Didier Migaud à la Cour des Comptes : Grenoble aussi à l’honneur ?
Parent pauvre de la politique nationale, Grenoble n’avait jusqu’à maintenant jamais porté depuis la guerre ses élus vers de hautes destinées sauf dans un cas bien malheureux.
Nouveau volet de l’ouverture selon Nicolas Sarkozy, le député socialiste de l’Isère Didier Migaud vient d’être nommé ce 23 février 2010 premier Président de la Cour des Comptes pour succéder à l’imposant Philippe Séguin. Une marque d’estime et de reconnaissance pour l’élu compétent, mais aussi un nouveau départ pour l’une des agglomérations les plus dynanmiques du pays.
Petit rappel historique
Hubert Dubedout, maire de Grenoble depuis 1965 et leader de la "nouvelle gauche" (celle de Pierre Mendès France et Michel Rocard), avait été proposé en 1981 Ministre du Logement par Pierre Mauroy à François Mitterrand, nouveau Président de la République. Finalement, Hubert Dubedout resta à Grenoble, laissant le portefeuille à Roger Quilliot (qui laissa alors son siège de sénateur à un conseiller du Président, Michel Charasse), et il perdit même la ville jugée pourtant imprenable.
À la fin des années 1980, le département de l’Isère et la ville de Grenoble étaient devenus RPR malgré une vieille tradition de gauche.
Alain Carignon
À l’origine de ce changement radical, Alain Carignon qui, après avoir obtenu un canton en 1976 à 27 ans, s’était emparé, dès le premier tour, de la mairie d’Hubert Dubedout en mars 1983 (à 34 ans), puis d’un mandat de député européen en juin 1984 et enfin, de la présidence du Conseil général de l’Isère en mars 1985, pourtant détenue par le Président de l’Assemblée Nationale de l’époque Louis Mermaz.

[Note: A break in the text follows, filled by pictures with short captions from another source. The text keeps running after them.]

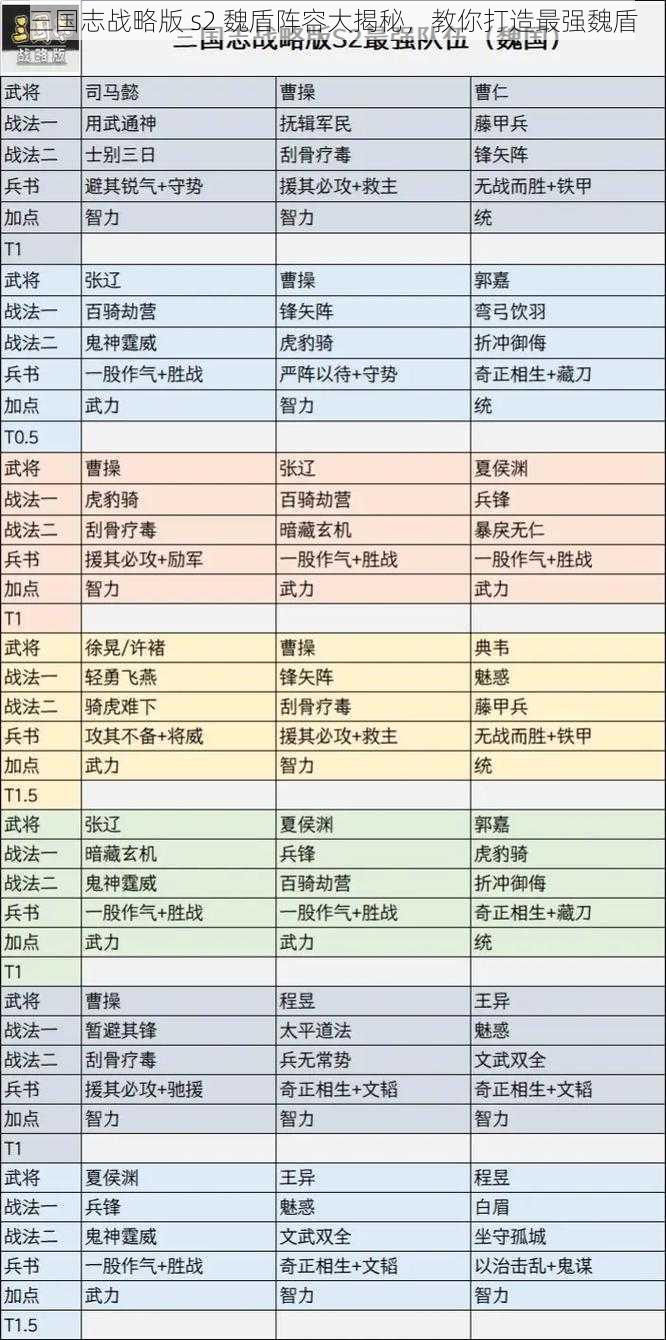 三国志战略版 s2 魏盾阵容大揭秘，教你打造最强魏盾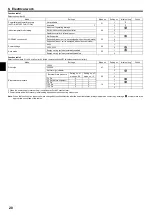 Preview for 20 page of Mitsubishi Electric PEAD-M140JA Installation Manual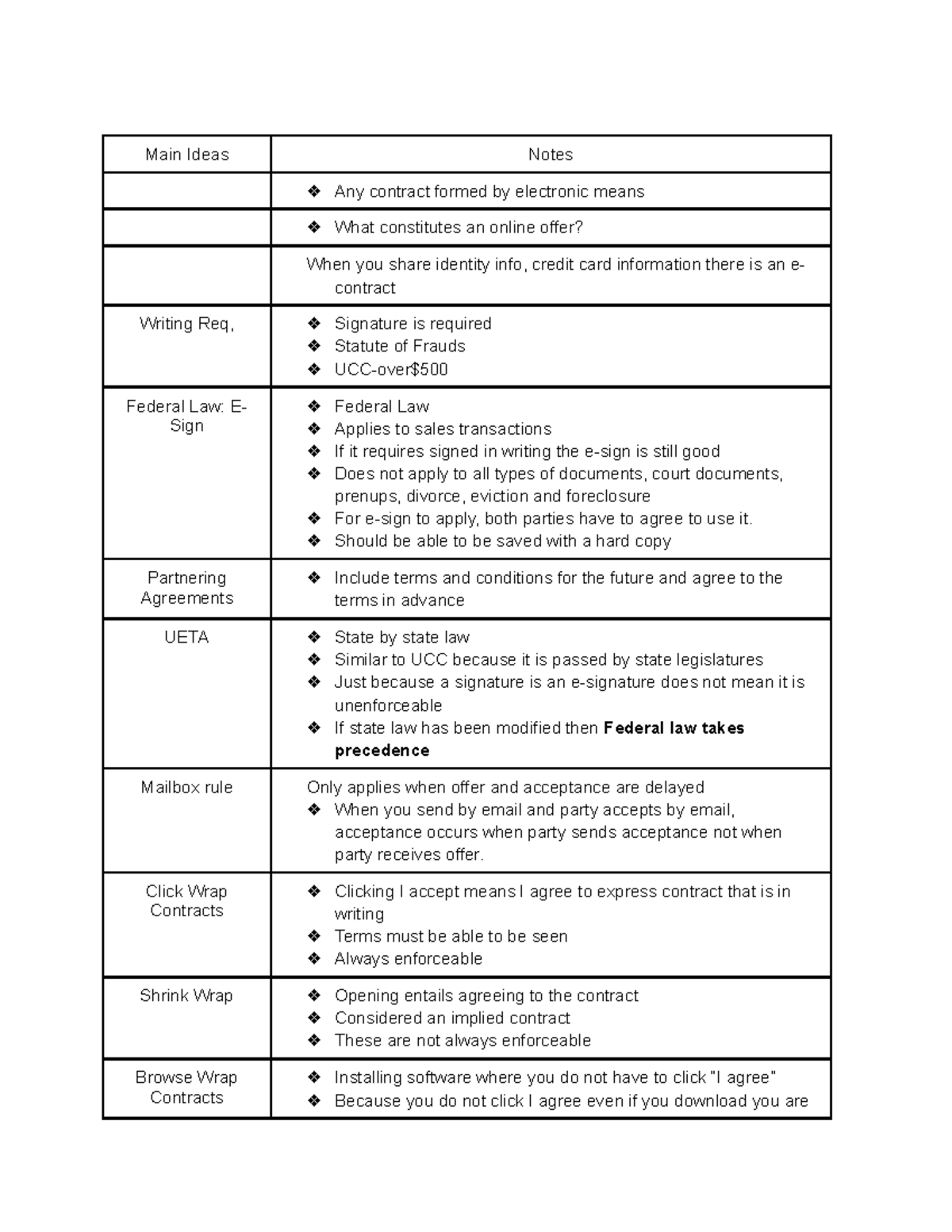 e contract assignment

Mars 1986 marquait une étape essentielle dans la vie d’Alain Carignon puisque, élu député, il fut immédiatement nommé Ministre délégué à l’Environnement dans le gouvernement de Jacques Chirac. Son ambition était sans limite puisqu’il s’imaginait déjà parmi les futurs présidentiables.
Au printemps de 1988, après la réélection de François Mitterrand, Alain Carignon imaginait poursuivre sa carrière ministérielle en devenant ministre d’ouverture dans le gouvernement de Michel Rocard. Grenoble avait largement réélu François Mitterrand et dans la perspective de sa réélection à la mairie en mars 1989, Alain Carignon cherchait lui aussi à faire de l’ouverture (avec notamment Guy Névache, le responsable des socialistes grenoblois).

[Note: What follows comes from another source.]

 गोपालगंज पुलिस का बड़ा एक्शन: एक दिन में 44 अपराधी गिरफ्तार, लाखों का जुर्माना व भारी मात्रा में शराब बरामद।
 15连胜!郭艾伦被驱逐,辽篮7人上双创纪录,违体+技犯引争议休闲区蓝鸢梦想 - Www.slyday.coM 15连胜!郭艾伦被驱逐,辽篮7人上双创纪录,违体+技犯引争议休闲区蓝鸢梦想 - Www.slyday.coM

Réélu député et limité par le cumul, Alain Carignon décida de démissionner de son mandat national pour conserver ses deux mandats à la tête d’un exécutif : la mairie et le département. Alain Carignon eut quelques velléités d’indépendance rénovatrice en 1989 qui se soldèrent par un échec.
Malgré un bref retour au gouvernement d’Édouard Balladur, Alain Carignon s’enlisa dans les "affaires" jusqu’à en faire de la prison. Pendant la campagne présidentielle de 1995, aucun des deux candidats issus du RPR, ni Jacques Chirac ni Édouard Balladur, n’osa faire le déplacement.
Triumvirat socialiste
Juin 1995 rouvrait naturellement les portes de la mairie à la gauche : Michel Destot, l’opposant rocardien, avait réussi le tour de force d’éviter tout parachutage national (on parlait à l’époque de Jack Lang et de Bernard Kouchner) dans une grande ville prête à être cueillie.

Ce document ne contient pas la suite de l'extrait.